К городу подступает невыдуманный и подлинно страшный враг, а власть, как оказывается, годами лгала и не подготовила страну к войне — кажется, что последним иллюзиям восстановившейся в партии поэтессы нанесен сокрушительный удар, однако удар этот производит обратный эффект. В июле 1942-го О. Б. вспоминает случившийся за год до того поразительный разговор со своим бывшим любовником Юрием Германом, убеждавшим её уехать из Ленинграда, «потому что немцы возьмут и его, и Москву… и "так нам и надо"». — «Но ведь я же для чего-то жила, Юра, для чего-то была всю жизнь в комсомоле и в партии…» — «А ты за что жила и жертвовала? За сплошные ошибки, за ежовщину, за невозможность писать правду, за то, что сейчас мы позорно бежим?». Восторг и отчаяние охватили меня: «Да, если и за это, то и за это я отвечаю сейчас и отвечу до конца».
Эта неумная и благородная реплика человека, увлечённо охотившегося на воображаемых врагов до тех пор, пока во враги не попытались записать его самого, маркирует совершаемое перед лицом вероятной гибели принятие мифа о советской власти в его целостности, которая теперь уже, безусловно, окрашена трагически. Допуская напрасность своих прежних жертв, принесённых на алтарь государства, которое, как ей сейчас кажется, рискует быть сметённым с лица земли, О. Б. готова принести жертву финальную, погибнув вместе с этим государством — и тем парадоксально утвердить свою и его правоту. Её кредо Мы советские люди и не можем быть ничем иным, зафиксированное в апреле 1940-го, в августе 1941-го звучит как Пусть всё было ошибкой, пусть мы во всём виноваты, — погибать надо вместе с этим.

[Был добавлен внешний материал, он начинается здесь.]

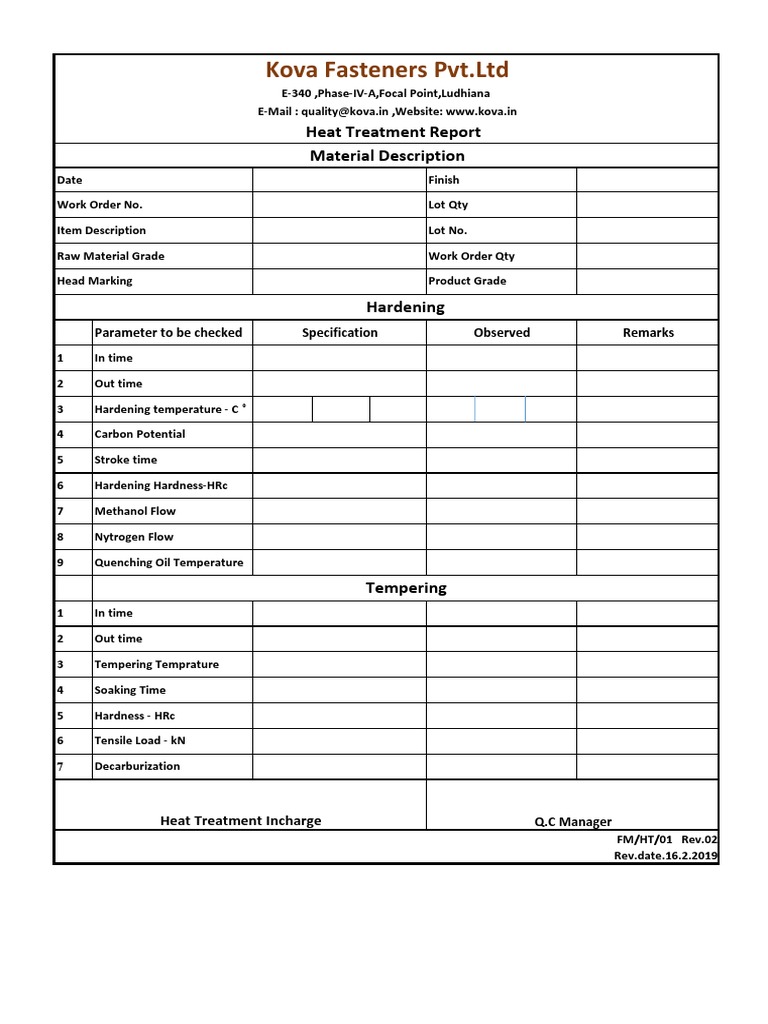 Kova Fasteners PVT - LTD: Heat Treatment Report Material Description ...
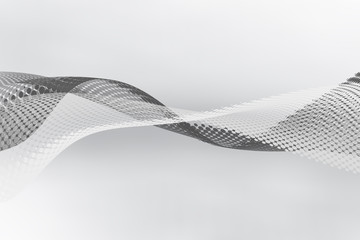 Futuristic halftone wave background. Digital dots white and grey design.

Избежав гибели, поэтесса и государство упустят шанс к окончательному примирению, и несмотря на победу в войне совместная правота их останется неутверждённой: впереди у О. Б. долгие годы терзаний и непонимания, во имя чего мы так все страдали, презрения к себе и окружающим, стыда и боли: бессмысленные дни, полные ненужных слов, ненужных людей, лжи и водки. В 1954 году она записывает: Ощущение гибели […] не оставляло меня все эти годы начиная с 1946, — и мы понимаем, что речь здесь идёт уже о совсем другой гибели, чем та, что угрожала ей во время войны. Не уничтоженные настоящим и общим врагом, поэтесса и государство проваливаются друг в друга, схлопываясь в одно изувеченное бесплодное тело, увенчанное орденами и многократно промытое в алкогольной лечебнице. Однако та работа раскаяния, которую О. Б. проделывает и в жизни, и в своих записях свидетельствует о том, что человеческое начало в этом химерическом теле не только не угасает, но всё настойчивее и неотвратимей заявляет о себе.
Сегодня, когда многие из нас ощущают себя заложниками в своей собственной стране, трагедия Ольги Берггольц и её близких уже не воспринимается как нечто более не могущее повториться, а самая известная строка «блокадной мадонны», воспроизведённая на тысячах монументов по всей России, как будто бы утратила последний исторический смысл и моральный пафос в феврале двадцать второго года. И вместе с тем, чтение послевоенных дневников истерзанной и кающейся поэтессы сообщает новое, индивидуалистическое наполнение легендарной и опустошённой формуле, убеждая нас в том, что ничто по-прежнему не может быть забыто, а память не принадлежит ни обществу, ни тем более государству.